» WHAT YOU NEED TO DO: Every line below is to be given again precisely; images are to be left out.
──────────
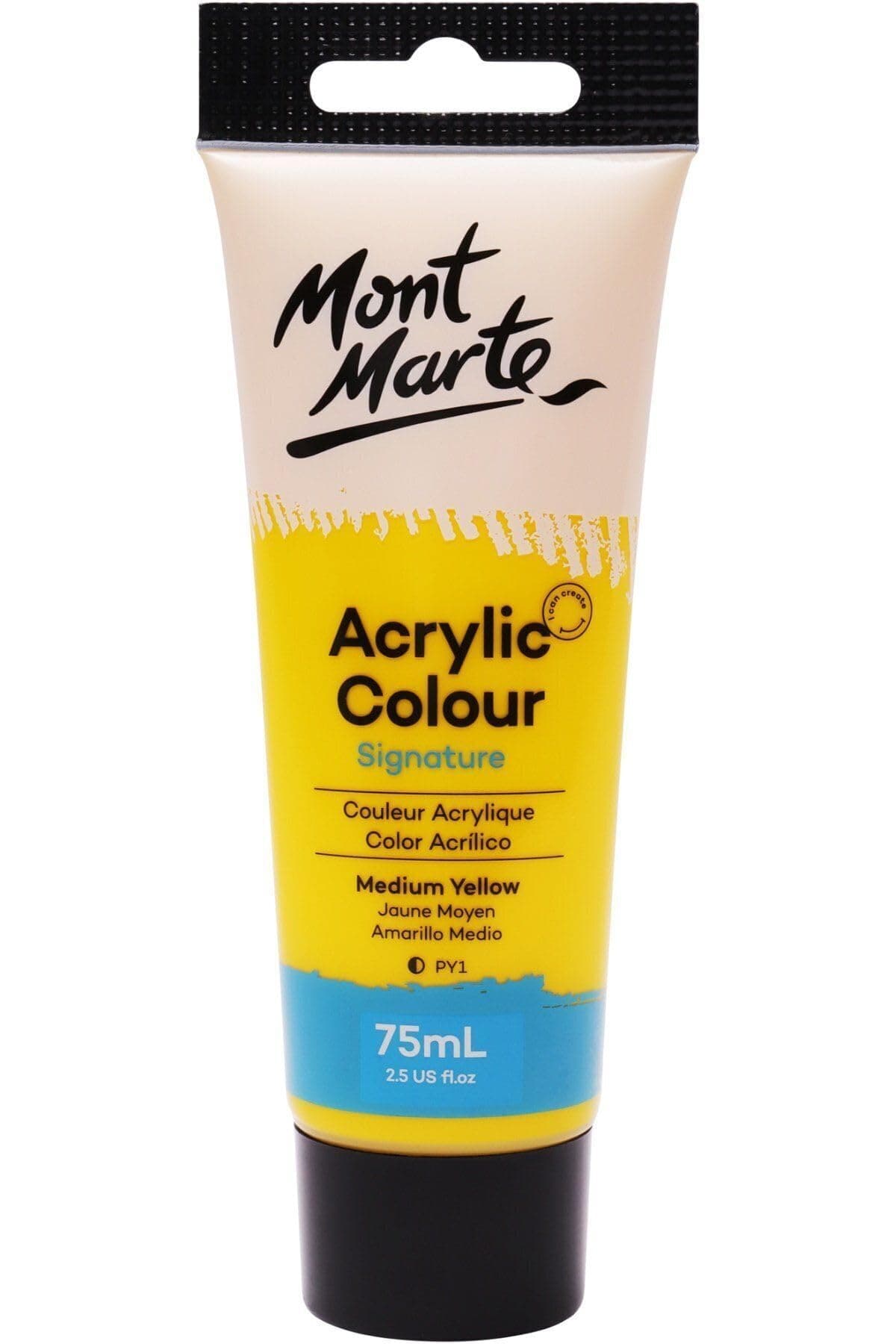 Mont Marte Signature Acrylic Colour 75ml (2.54oz) - Medium Yellow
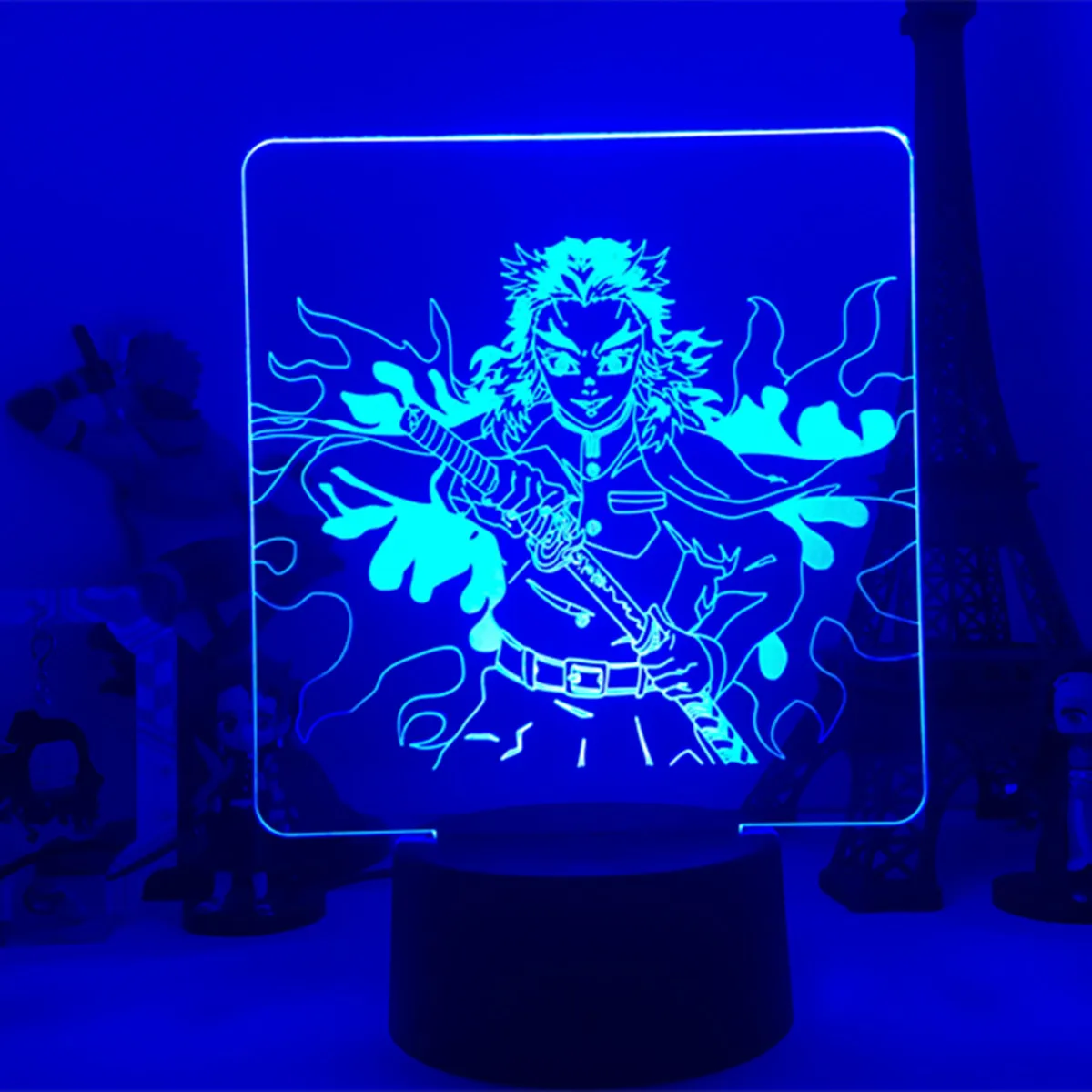 

Demon Slayer Anime LED Night Light Rengoku Kyoujurou Figure Model 3D Lamp Bedroom Decoration DIY Birthday Gift Drop Shipping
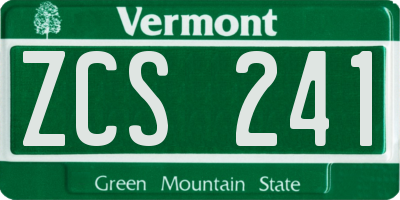 VT license plate ZCS241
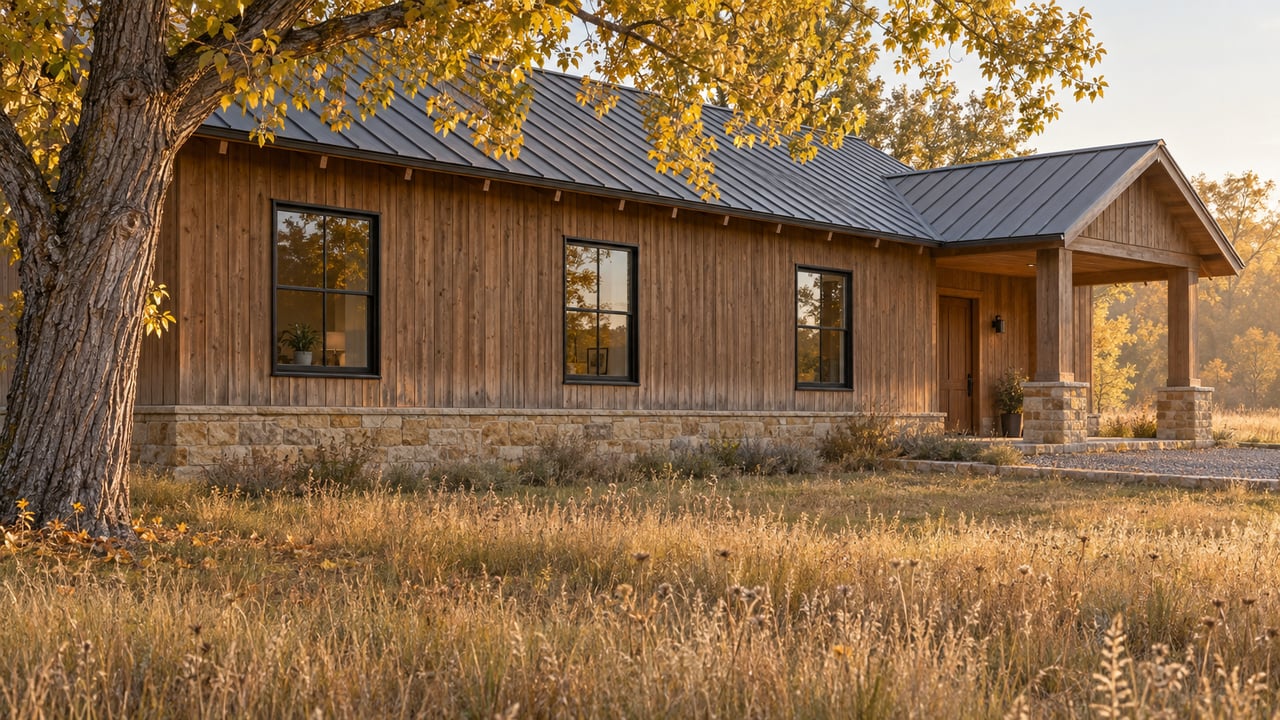 Cedar-sided house with a dark metal roof beside a golden-leaved tree in a tawny meadow.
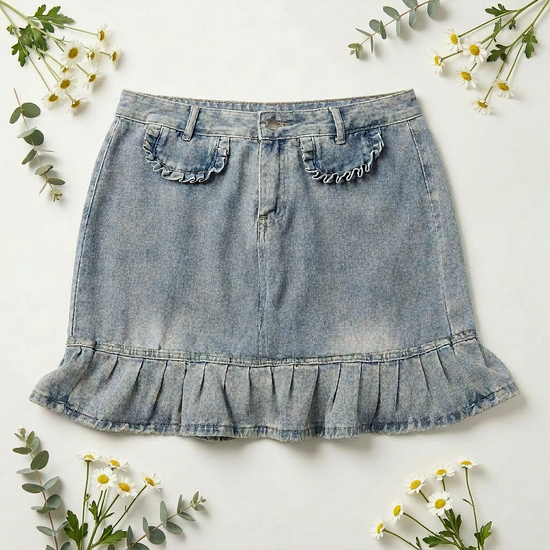 Front flat lay of the Two Moody Originals: Ruffle Flare Jean Skirt surrounded by small bunches of flowers.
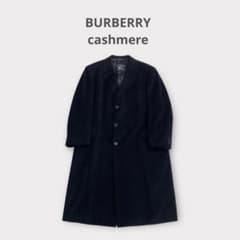 希少 BURBERRY カシミヤ ロングコート 濃紺 カナダ製 XL ビンテージ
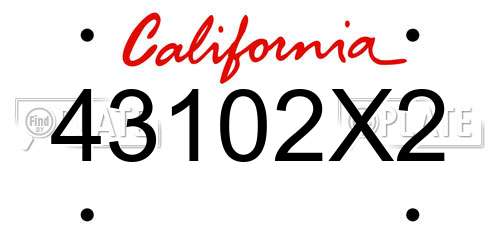 43102X2 California License Plate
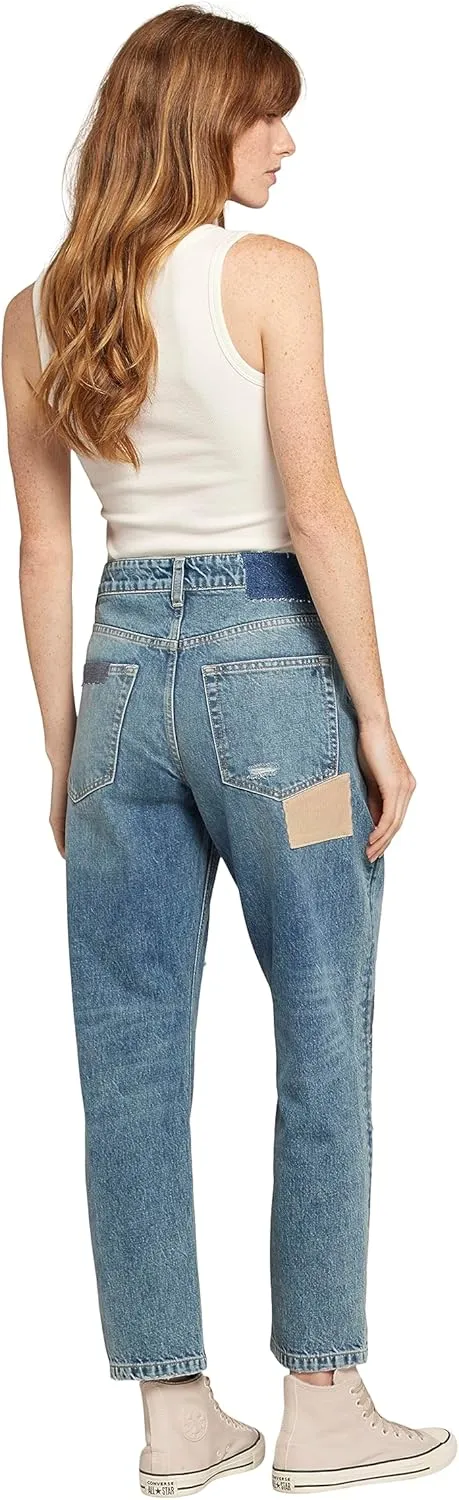 Current/Elliott Women’s The Boy Genius Mid Rise Straight Leg Jean – Distressed Women’s Boyfriend Jeans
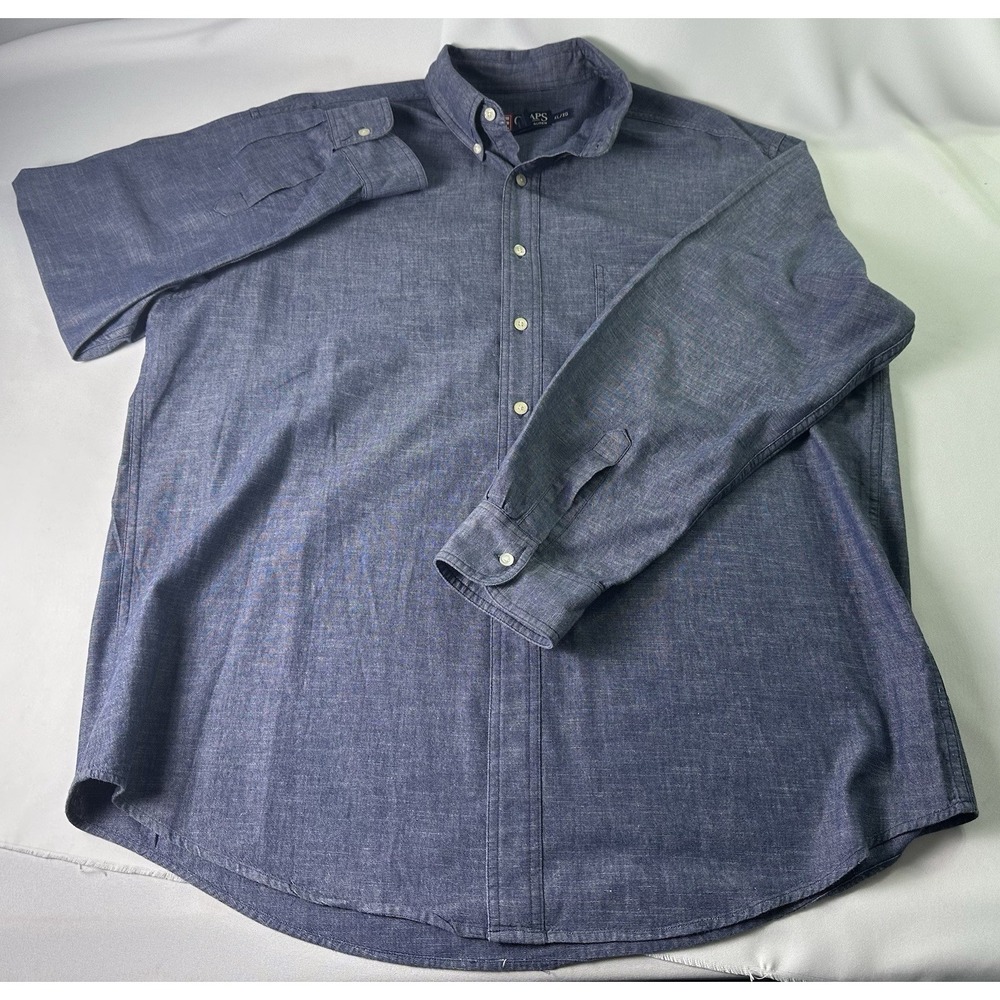 Chaps Ralph Lauren Shirt Mens Size XL Button Down Blue Chambray Long Sleeve Y2K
──────────
» RESPONSE FOR THIS EXERCISE:
 Mont Marte Signature Acrylic Colour 75ml (2.54oz) - Medium Yellow

Demon Slayer Anime LED Night Light Rengoku Kyoujurou Figure Model 3D Lamp Bedroom Decoration DIY Birthday Gift Drop Shipping
 VT license plate ZCS241
 Cedar-sided house with a dark metal roof beside a golden-leaved tree in a tawny meadow.
 Front flat lay of the Two Moody Originals: Ruffle Flare Jean Skirt surrounded by small bunches of flowers.
 希少 BURBERRY カシミヤ ロングコート 濃紺 カナダ製 XL ビンテージ
 43102X2 California License Plate
 Current/Elliott Women’s The Boy Genius Mid Rise Straight Leg Jean – Distressed Women’s Boyfriend Jeans
 Chaps Ralph Lauren Shirt Mens Size XL Button Down Blue Chambray Long Sleeve Y2K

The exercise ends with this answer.